*Exercise objective*: Instruction for the entries that follow: retype exactly the lines from the line with "Laminated Padlock" to the line with "Andar Corporativo à", both included, and omit all others.

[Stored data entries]
★ ★ ★ ★ ★

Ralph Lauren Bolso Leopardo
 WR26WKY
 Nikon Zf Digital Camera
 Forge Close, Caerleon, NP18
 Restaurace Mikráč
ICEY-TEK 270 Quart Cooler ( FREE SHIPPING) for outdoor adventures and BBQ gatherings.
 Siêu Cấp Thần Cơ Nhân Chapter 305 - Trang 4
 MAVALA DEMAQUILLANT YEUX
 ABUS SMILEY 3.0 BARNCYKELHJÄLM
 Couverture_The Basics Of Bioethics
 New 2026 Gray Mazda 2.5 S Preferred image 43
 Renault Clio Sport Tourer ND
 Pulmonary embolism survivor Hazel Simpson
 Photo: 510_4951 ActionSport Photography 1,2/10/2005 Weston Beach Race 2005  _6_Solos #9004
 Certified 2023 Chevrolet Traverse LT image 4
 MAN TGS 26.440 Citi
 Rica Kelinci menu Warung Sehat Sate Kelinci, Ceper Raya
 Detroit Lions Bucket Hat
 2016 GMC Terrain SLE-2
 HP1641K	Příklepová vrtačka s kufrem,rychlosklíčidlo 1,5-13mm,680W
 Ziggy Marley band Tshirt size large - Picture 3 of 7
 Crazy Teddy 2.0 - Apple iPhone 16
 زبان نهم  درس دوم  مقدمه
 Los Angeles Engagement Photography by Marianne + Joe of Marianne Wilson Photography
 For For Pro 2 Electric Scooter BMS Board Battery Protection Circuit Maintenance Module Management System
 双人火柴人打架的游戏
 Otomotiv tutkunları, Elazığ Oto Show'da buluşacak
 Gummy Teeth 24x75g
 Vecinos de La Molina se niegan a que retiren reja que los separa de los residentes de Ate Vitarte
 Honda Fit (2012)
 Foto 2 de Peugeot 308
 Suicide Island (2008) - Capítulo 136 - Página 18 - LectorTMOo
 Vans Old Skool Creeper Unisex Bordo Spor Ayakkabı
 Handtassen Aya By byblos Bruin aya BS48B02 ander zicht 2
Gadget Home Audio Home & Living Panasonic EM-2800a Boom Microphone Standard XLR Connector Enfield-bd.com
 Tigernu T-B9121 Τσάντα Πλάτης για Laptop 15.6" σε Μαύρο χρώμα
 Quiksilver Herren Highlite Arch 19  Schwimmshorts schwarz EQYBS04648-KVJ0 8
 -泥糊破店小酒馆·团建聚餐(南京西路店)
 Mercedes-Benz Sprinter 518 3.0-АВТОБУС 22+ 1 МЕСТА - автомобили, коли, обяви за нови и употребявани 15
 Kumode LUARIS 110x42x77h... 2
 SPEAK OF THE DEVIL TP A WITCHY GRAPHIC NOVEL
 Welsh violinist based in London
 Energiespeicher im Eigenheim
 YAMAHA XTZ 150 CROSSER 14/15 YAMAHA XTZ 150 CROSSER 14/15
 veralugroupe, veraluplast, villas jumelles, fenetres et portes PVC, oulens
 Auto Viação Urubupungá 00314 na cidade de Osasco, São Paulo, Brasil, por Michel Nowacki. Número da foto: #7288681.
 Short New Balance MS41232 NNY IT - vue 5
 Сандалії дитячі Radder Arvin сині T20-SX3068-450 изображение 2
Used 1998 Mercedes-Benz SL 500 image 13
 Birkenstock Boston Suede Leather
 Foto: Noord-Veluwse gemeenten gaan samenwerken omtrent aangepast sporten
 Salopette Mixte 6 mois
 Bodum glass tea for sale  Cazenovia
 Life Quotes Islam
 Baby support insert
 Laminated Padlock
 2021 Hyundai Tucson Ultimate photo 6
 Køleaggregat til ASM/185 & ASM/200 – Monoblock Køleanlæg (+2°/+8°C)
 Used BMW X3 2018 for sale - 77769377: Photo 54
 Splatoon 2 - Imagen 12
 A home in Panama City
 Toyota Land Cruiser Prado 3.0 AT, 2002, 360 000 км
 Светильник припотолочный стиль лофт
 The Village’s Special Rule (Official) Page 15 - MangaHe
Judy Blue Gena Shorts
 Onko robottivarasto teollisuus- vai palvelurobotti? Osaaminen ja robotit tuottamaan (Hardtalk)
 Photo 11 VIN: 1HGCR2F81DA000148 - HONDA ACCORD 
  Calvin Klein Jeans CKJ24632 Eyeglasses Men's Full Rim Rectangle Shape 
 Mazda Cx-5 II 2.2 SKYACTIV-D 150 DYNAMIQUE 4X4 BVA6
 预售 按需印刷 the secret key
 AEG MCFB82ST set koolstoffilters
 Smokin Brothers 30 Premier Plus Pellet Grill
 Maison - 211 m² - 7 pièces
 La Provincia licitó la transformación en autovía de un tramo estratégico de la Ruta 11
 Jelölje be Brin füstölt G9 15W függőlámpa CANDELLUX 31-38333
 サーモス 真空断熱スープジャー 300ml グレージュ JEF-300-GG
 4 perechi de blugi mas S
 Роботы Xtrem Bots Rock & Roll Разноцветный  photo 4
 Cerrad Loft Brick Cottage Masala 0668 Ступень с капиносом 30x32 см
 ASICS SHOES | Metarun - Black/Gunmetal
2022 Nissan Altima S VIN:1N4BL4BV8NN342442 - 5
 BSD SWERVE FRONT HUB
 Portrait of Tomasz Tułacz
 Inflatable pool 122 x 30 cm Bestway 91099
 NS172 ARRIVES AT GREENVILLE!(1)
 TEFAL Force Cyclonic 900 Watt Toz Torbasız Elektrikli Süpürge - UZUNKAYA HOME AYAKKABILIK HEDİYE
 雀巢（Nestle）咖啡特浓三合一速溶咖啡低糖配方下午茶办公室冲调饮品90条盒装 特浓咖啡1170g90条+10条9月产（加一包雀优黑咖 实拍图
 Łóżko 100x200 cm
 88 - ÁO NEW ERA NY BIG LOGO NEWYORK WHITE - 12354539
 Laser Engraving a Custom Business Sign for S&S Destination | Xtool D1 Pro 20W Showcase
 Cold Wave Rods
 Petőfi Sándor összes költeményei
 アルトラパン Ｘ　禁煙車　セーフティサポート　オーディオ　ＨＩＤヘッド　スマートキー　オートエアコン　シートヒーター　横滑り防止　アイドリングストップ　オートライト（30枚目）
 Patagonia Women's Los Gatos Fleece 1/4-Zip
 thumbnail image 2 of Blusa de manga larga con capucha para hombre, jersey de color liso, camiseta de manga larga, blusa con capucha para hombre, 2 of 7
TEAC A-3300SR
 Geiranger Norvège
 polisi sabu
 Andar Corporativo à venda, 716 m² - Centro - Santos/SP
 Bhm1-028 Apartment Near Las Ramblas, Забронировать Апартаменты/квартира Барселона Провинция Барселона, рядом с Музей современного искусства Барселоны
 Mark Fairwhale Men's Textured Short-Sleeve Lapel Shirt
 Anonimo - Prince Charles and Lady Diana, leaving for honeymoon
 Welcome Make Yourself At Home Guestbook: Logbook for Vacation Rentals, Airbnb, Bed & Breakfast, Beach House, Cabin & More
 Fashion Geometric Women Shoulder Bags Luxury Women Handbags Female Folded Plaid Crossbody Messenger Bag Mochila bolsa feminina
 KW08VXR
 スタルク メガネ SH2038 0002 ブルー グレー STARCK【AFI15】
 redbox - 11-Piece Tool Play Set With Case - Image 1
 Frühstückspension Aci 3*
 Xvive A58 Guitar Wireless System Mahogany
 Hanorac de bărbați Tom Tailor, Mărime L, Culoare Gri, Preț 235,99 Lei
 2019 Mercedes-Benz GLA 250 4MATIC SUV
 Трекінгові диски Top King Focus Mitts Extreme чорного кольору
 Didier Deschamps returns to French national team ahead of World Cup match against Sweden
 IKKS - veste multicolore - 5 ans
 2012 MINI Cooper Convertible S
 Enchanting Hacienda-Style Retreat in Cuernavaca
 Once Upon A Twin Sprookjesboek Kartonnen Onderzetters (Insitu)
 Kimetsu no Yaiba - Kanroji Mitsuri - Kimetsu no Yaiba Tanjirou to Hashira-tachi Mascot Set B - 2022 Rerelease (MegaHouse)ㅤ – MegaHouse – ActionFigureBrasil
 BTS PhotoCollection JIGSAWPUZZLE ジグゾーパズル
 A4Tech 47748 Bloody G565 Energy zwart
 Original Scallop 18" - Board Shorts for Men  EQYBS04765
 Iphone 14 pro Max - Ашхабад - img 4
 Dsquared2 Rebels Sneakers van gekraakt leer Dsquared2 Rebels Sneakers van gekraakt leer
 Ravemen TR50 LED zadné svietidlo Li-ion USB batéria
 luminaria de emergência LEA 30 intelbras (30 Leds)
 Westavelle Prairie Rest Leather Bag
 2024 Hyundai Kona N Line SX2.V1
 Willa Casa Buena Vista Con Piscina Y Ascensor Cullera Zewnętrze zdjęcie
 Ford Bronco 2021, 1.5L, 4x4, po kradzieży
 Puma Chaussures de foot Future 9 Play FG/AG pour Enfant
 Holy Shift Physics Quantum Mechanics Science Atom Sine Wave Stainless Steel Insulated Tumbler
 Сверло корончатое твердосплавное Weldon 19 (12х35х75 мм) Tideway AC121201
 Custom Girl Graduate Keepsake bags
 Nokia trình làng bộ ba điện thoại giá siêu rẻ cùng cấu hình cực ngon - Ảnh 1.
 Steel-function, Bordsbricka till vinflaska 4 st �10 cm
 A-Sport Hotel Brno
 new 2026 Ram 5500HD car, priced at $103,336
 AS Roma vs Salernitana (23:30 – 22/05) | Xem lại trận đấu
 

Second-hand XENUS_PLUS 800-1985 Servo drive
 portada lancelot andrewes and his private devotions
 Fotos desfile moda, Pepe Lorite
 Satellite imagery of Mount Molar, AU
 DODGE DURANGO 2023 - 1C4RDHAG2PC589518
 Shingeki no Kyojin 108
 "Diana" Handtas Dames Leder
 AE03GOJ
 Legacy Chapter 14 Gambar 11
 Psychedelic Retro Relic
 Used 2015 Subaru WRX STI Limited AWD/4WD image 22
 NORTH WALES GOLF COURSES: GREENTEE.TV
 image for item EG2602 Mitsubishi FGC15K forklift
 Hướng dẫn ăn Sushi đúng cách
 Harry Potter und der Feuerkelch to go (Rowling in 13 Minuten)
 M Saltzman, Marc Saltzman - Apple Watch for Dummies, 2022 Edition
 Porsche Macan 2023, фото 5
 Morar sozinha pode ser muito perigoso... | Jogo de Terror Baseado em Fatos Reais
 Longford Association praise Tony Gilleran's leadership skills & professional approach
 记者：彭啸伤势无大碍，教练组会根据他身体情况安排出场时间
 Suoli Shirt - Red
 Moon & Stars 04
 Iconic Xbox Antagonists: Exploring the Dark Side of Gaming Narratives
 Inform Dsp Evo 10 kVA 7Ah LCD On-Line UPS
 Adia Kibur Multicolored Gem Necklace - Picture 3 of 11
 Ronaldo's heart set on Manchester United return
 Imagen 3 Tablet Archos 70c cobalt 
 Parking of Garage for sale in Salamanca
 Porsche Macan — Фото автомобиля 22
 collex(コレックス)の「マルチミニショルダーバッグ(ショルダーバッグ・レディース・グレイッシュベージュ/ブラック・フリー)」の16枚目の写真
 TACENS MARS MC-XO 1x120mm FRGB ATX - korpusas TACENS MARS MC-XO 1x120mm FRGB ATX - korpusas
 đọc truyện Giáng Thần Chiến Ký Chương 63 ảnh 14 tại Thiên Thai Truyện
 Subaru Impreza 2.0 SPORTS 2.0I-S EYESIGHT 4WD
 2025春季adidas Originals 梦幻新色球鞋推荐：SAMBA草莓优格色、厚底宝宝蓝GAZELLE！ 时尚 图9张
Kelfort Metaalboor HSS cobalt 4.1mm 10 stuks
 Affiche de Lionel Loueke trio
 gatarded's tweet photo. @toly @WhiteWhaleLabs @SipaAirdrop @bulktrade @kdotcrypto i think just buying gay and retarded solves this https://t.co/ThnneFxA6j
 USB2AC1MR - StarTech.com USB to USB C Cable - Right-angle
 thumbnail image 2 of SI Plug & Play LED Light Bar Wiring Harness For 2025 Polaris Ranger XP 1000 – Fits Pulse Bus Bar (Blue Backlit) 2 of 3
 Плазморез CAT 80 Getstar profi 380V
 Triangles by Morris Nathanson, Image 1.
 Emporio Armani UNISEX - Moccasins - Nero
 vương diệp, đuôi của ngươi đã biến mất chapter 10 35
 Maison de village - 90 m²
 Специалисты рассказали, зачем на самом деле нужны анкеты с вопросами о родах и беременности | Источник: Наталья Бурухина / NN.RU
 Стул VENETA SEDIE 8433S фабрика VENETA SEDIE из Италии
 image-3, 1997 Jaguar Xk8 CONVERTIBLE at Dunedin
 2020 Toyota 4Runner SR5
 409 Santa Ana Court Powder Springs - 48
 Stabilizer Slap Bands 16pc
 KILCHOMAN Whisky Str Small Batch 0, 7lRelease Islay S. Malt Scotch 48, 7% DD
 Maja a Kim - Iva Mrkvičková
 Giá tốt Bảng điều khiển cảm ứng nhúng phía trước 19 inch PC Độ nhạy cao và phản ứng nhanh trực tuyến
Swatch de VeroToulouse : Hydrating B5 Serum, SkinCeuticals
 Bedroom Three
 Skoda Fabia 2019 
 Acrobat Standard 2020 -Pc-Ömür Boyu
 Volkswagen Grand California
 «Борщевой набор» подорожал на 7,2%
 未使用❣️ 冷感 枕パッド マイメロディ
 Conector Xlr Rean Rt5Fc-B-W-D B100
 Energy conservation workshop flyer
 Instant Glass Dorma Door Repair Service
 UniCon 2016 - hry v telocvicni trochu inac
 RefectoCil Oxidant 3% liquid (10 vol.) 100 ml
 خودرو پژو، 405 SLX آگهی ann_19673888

★ ★ ★ ★ ★

*Answer box*:
 Laminated Padlock
 2021 Hyundai Tucson Ultimate photo 6
 Køleaggregat til ASM/185 & ASM/200 – Monoblock Køleanlæg (+2°/+8°C)
 Used BMW X3 2018 for sale - 77769377: Photo 54
 Splatoon 2 - Imagen 12
 A home in Panama City
 Toyota Land Cruiser Prado 3.0 AT, 2002, 360 000 км
 Светильник припотолочный стиль лофт
 The Village’s Special Rule (Official) Page 15 - MangaHe
Judy Blue Gena Shorts
 Onko robottivarasto teollisuus- vai palvelurobotti? Osaaminen ja robotit tuottamaan (Hardtalk)
 Photo 11 VIN: 1HGCR2F81DA000148 - HONDA ACCORD 
  Calvin Klein Jeans CKJ24632 Eyeglasses Men's Full Rim Rectangle Shape 
 Mazda Cx-5 II 2.2 SKYACTIV-D 150 DYNAMIQUE 4X4 BVA6
 预售 按需印刷 the secret key
 AEG MCFB82ST set koolstoffilters
 Smokin Brothers 30 Premier Plus Pellet Grill
 Maison - 211 m² - 7 pièces
 La Provincia licitó la transformación en autovía de un tramo estratégico de la Ruta 11
 Jelölje be Brin füstölt G9 15W függőlámpa CANDELLUX 31-38333
 サーモス 真空断熱スープジャー 300ml グレージュ JEF-300-GG
 4 perechi de blugi mas S
 Роботы Xtrem Bots Rock & Roll Разноцветный  photo 4
 Cerrad Loft Brick Cottage Masala 0668 Ступень с капиносом 30x32 см
 ASICS SHOES | Metarun - Black/Gunmetal
2022 Nissan Altima S VIN:1N4BL4BV8NN342442 - 5
 BSD SWERVE FRONT HUB
 Portrait of Tomasz Tułacz
 Inflatable pool 122 x 30 cm Bestway 91099
 NS172 ARRIVES AT GREENVILLE!(1)
 TEFAL Force Cyclonic 900 Watt Toz Torbasız Elektrikli Süpürge - UZUNKAYA HOME AYAKKABILIK HEDİYE
 雀巢（Nestle）咖啡特浓三合一速溶咖啡低糖配方下午茶办公室冲调饮品90条盒装 特浓咖啡1170g90条+10条9月产（加一包雀优黑咖 实拍图
 Łóżko 100x200 cm
 88 - ÁO NEW ERA NY BIG LOGO NEWYORK WHITE - 12354539
 Laser Engraving a Custom Business Sign for S&S Destination | Xtool D1 Pro 20W Showcase
 Cold Wave Rods
 Petőfi Sándor összes költeményei
 アルトラパン Ｘ　禁煙車　セーフティサポート　オーディオ　ＨＩＤヘッド　スマートキー　オートエアコン　シートヒーター　横滑り防止　アイドリングストップ　オートライト（30枚目）
 Patagonia Women's Los Gatos Fleece 1/4-Zip
 thumbnail image 2 of Blusa de manga larga con capucha para hombre, jersey de color liso, camiseta de manga larga, blusa con capucha para hombre, 2 of 7
TEAC A-3300SR
 Geiranger Norvège
 polisi sabu
 Andar Corporativo à venda, 716 m² - Centro - Santos/SP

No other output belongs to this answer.